Document Table of Contents

5.1.6.2.5. DMA TX Data Transfer Operation

The TX DMA performs the data transfer operations as follows:
  1. The descriptor fetch engine reads a valid descriptor (OWN=1) either from the system memory or the descriptor pre-fetch cache and gives it to the data transfer engine.
  2. The data transfer engine processes the descriptor control bits, buffer sizes and calculates the size of data transfer to be requested as per the settings of the registers (TxPBL field). It checks if the space is available in the corresponding TX queue before it issues the request for data transfer
  3. After the request is accepted by the host interface (for scheduling on the bus), this engine calculates the next data transfer size and issues another request. The second request can be for one of the following:
    1. Next burst of data transfer from the same buffer in case the first request is only for part of the buffer.
    2. Burst of data transfer from buffer 2 in case the first request completed the transfer of buffer 1.
    3. Burst of data transfer from buffer 1 of next descriptor in case the first request completed for buffer 2 (or buffer 2 was empty).
    4. Start of new packet transfer from Buffer of next descriptor in case the first request completes a packet transfer.
  4. At any given time, up to two requests can be outstanding for data transfer completion.
  5. A request is considered to be completed once the requested data is fetched and written to the corresponding TX queue in MTL. After this, the engine can issue the next request as given in step 3.
  6. After the valid buffers of a descriptor is fetched, the descriptor is freed-up and pushed to the descriptor write-back engine for closure and the next descriptor from the pre-fetched cache is accepted for processing (step 2).

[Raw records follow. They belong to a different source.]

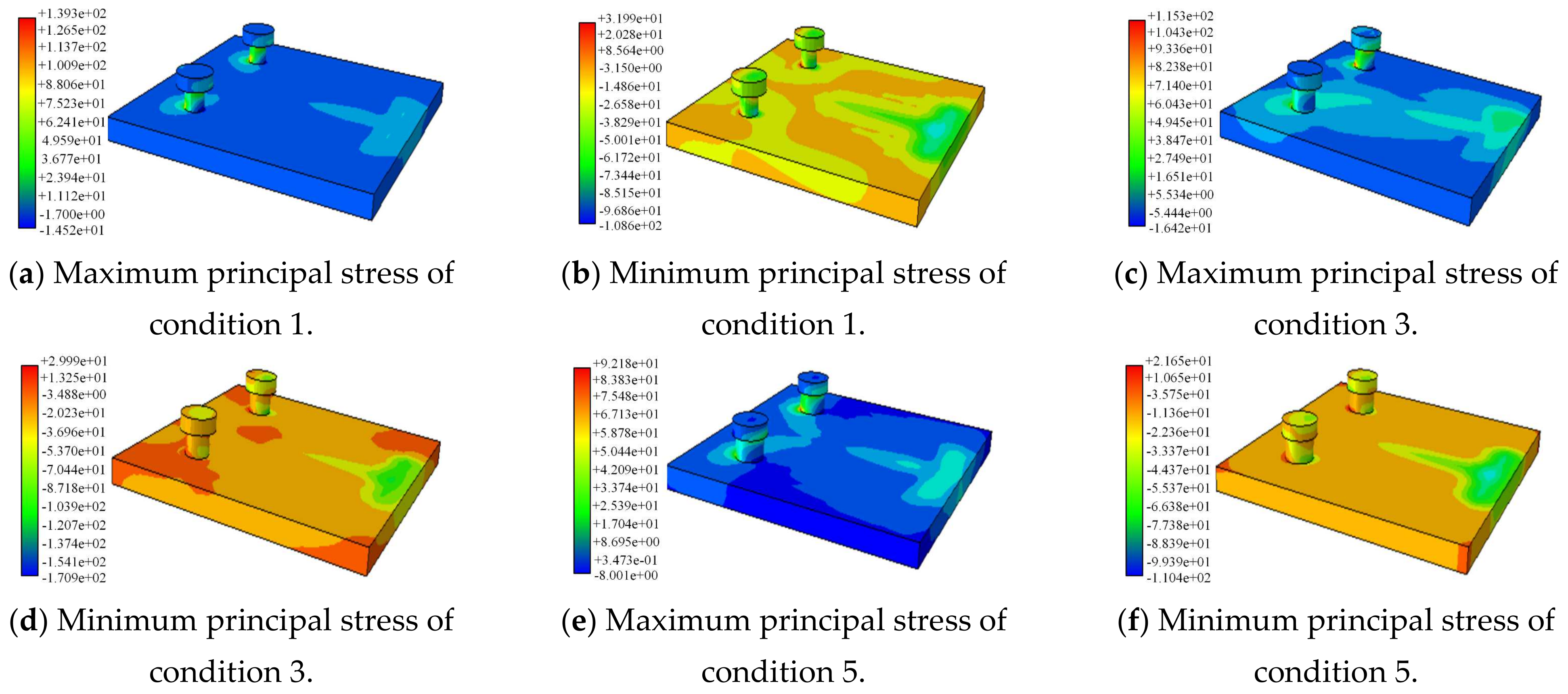 Buildings 15 01423 g008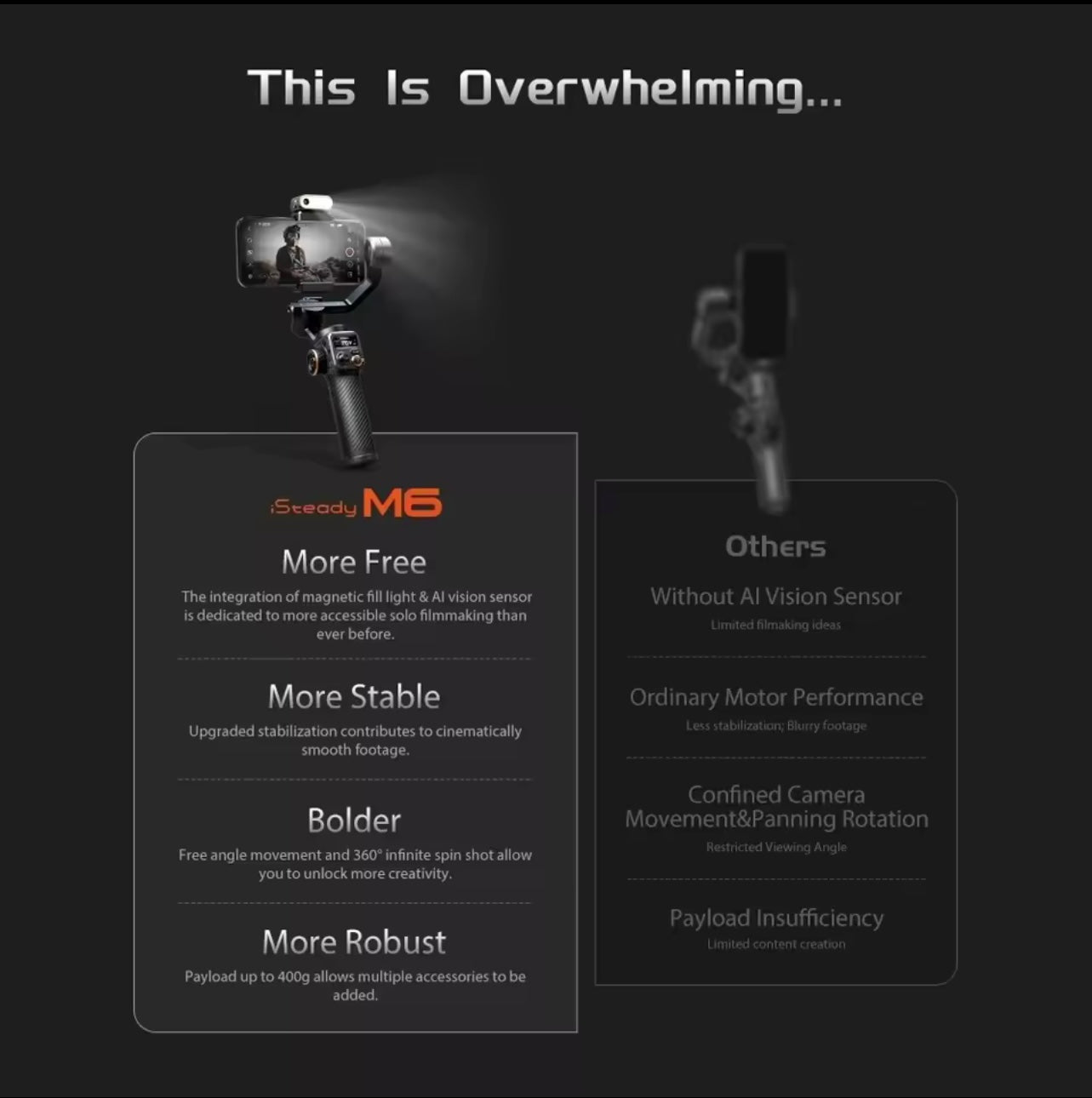 Hohem iSteady M7 3-Axis Gimbal Stabilizer w/ Light & Face Tracking Phone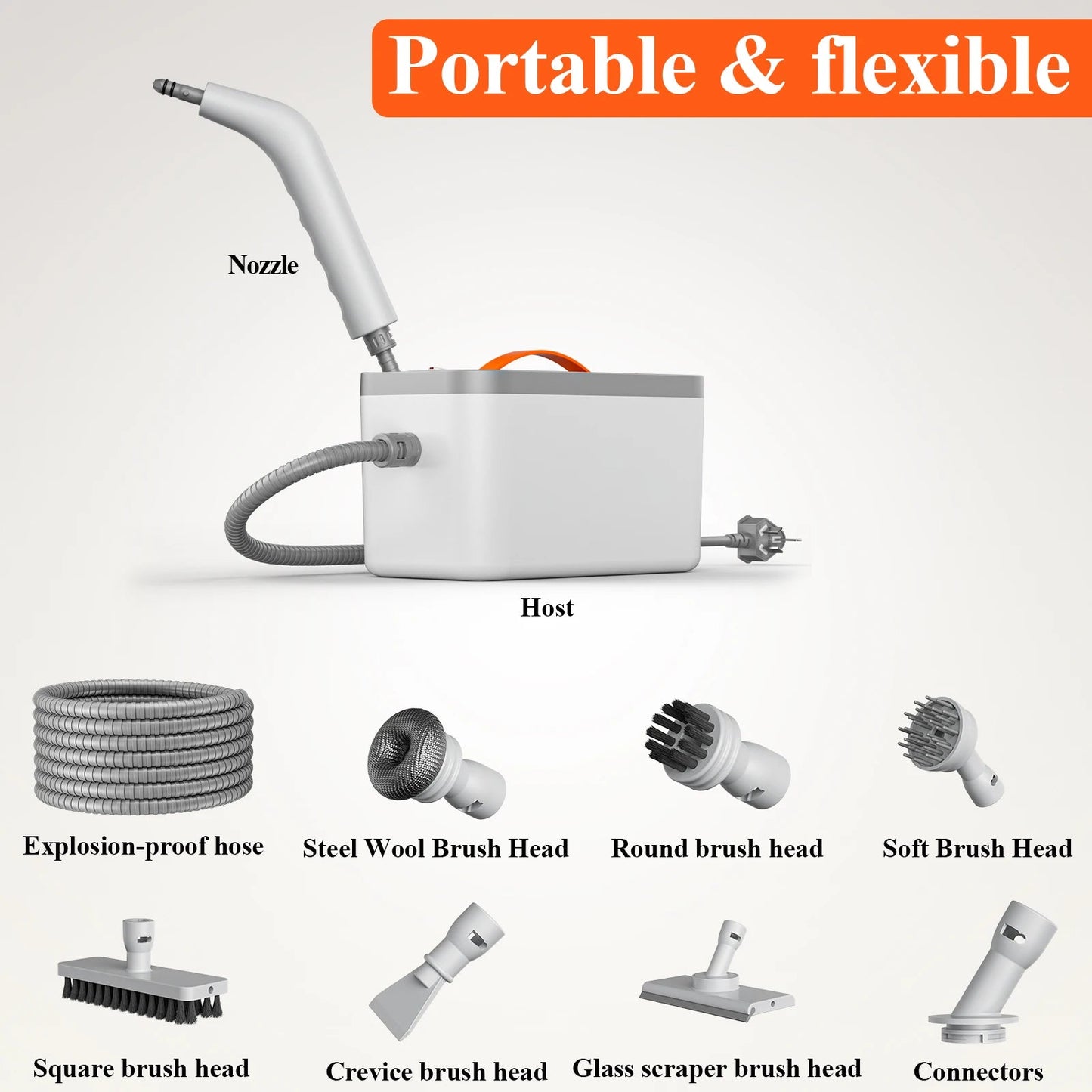 1500W Handheld Steam Cleaner, Multiuse Powerful Steamer for Cleaning for Tough Stains and Grime on Upholstery - DivineLink1 | Electronics, Fitness, Household Essentials | Shop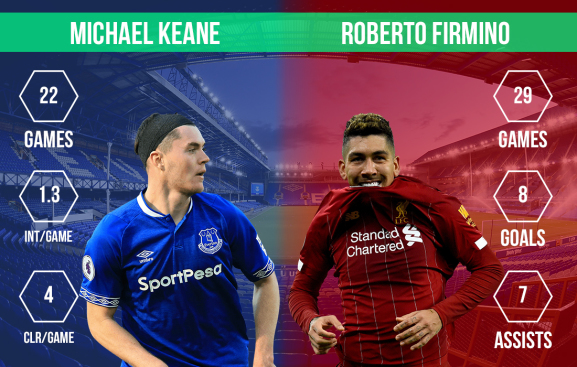 Michael Keane vs Roberto Firmino Merseyside Derby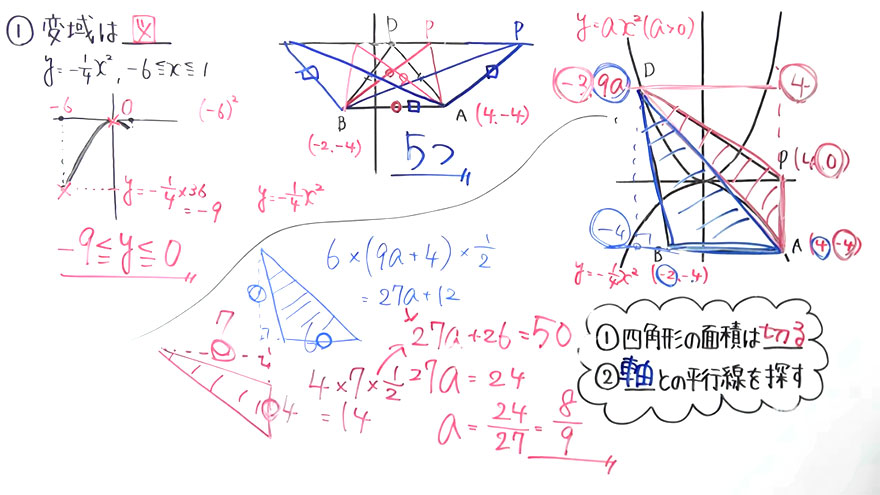 受験対策　数学－関数-55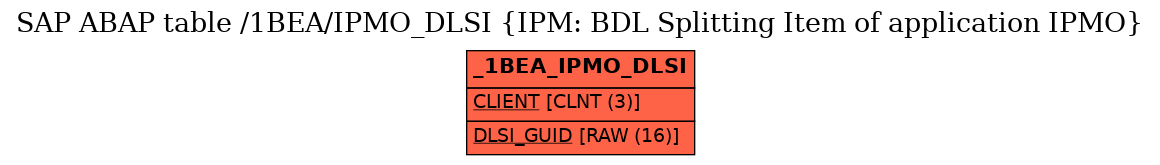 E-R Diagram for table /1BEA/IPMO_DLSI (IPM: BDL Splitting Item of application IPMO)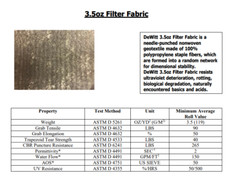 DeWitt Filter Fabric (multiple weights and sizes)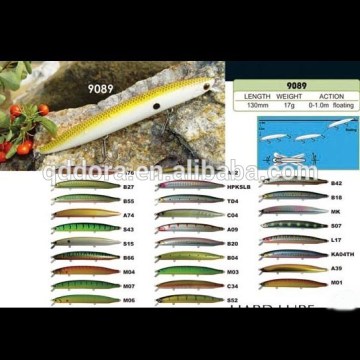 Fish Lures/Plastic lures/ hard lures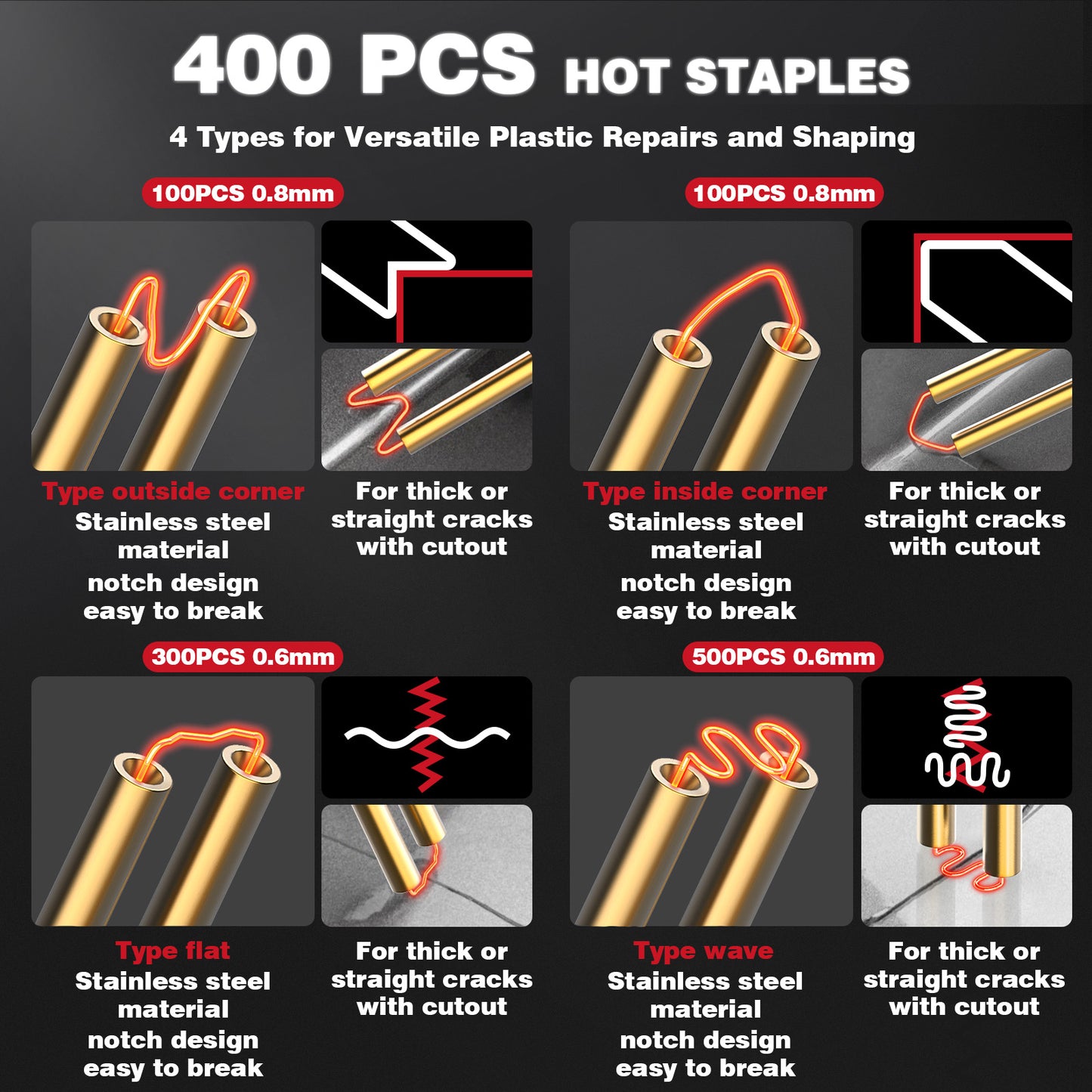 Cordless Plastic Welder for Milwaukee 18V Battery Powered, Hot Stapler Kit with 400PCS Hot Stapler （(Tool Only)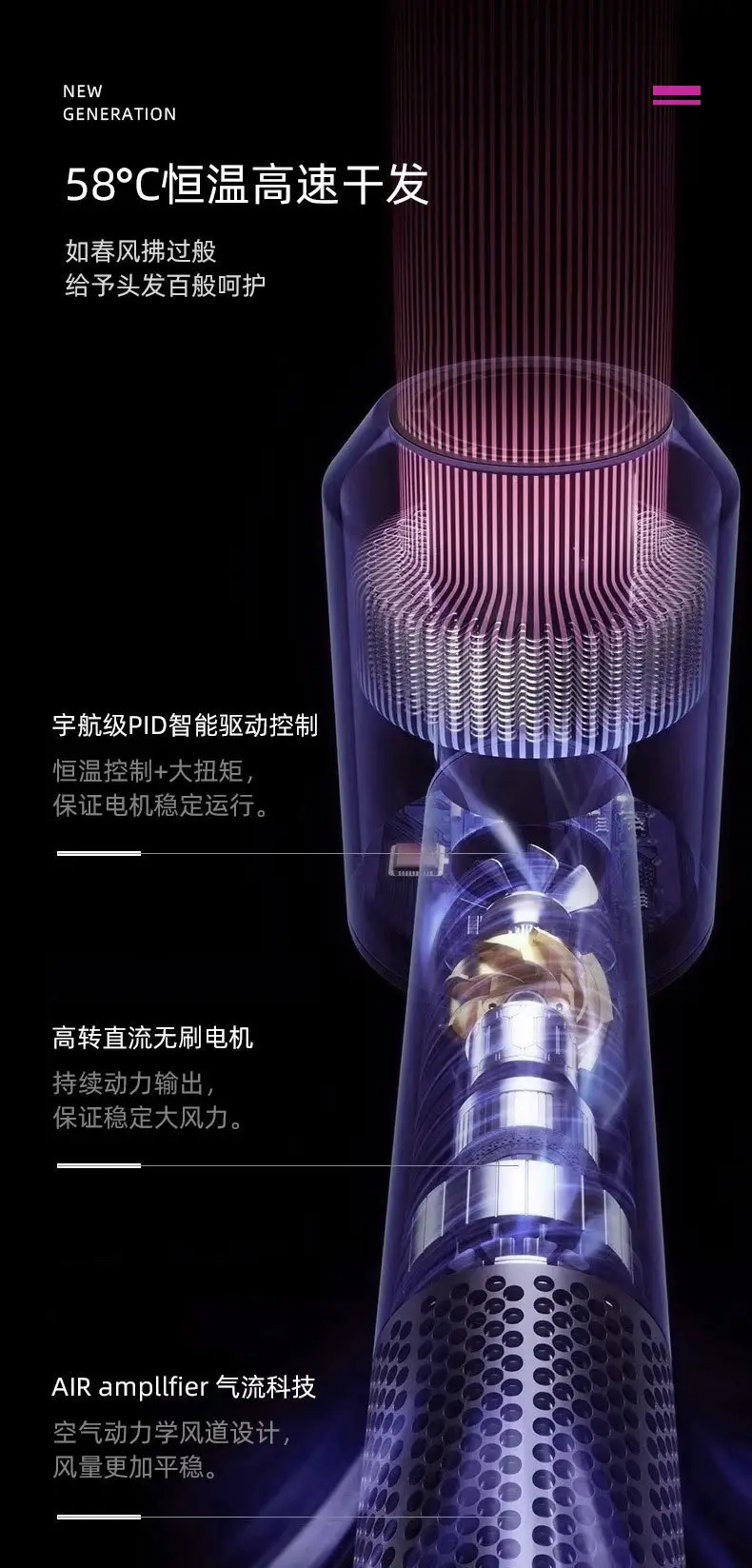 Leafless Hair Dryer with Negative Ion & Silent Operation — feature 2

All the above operations are implemented in a pipe-lined fashion so as to avoid any bottlenecks and overheads due to descriptor reads or writes. Moreover, the engine can request two packet transfers in sequence (for packets of size smaller than the programmed PBL) without completing the fetch of the first one. This enables hiding of the system latencies of a read command behind the data transfer of the previous command and thus improves the throughput.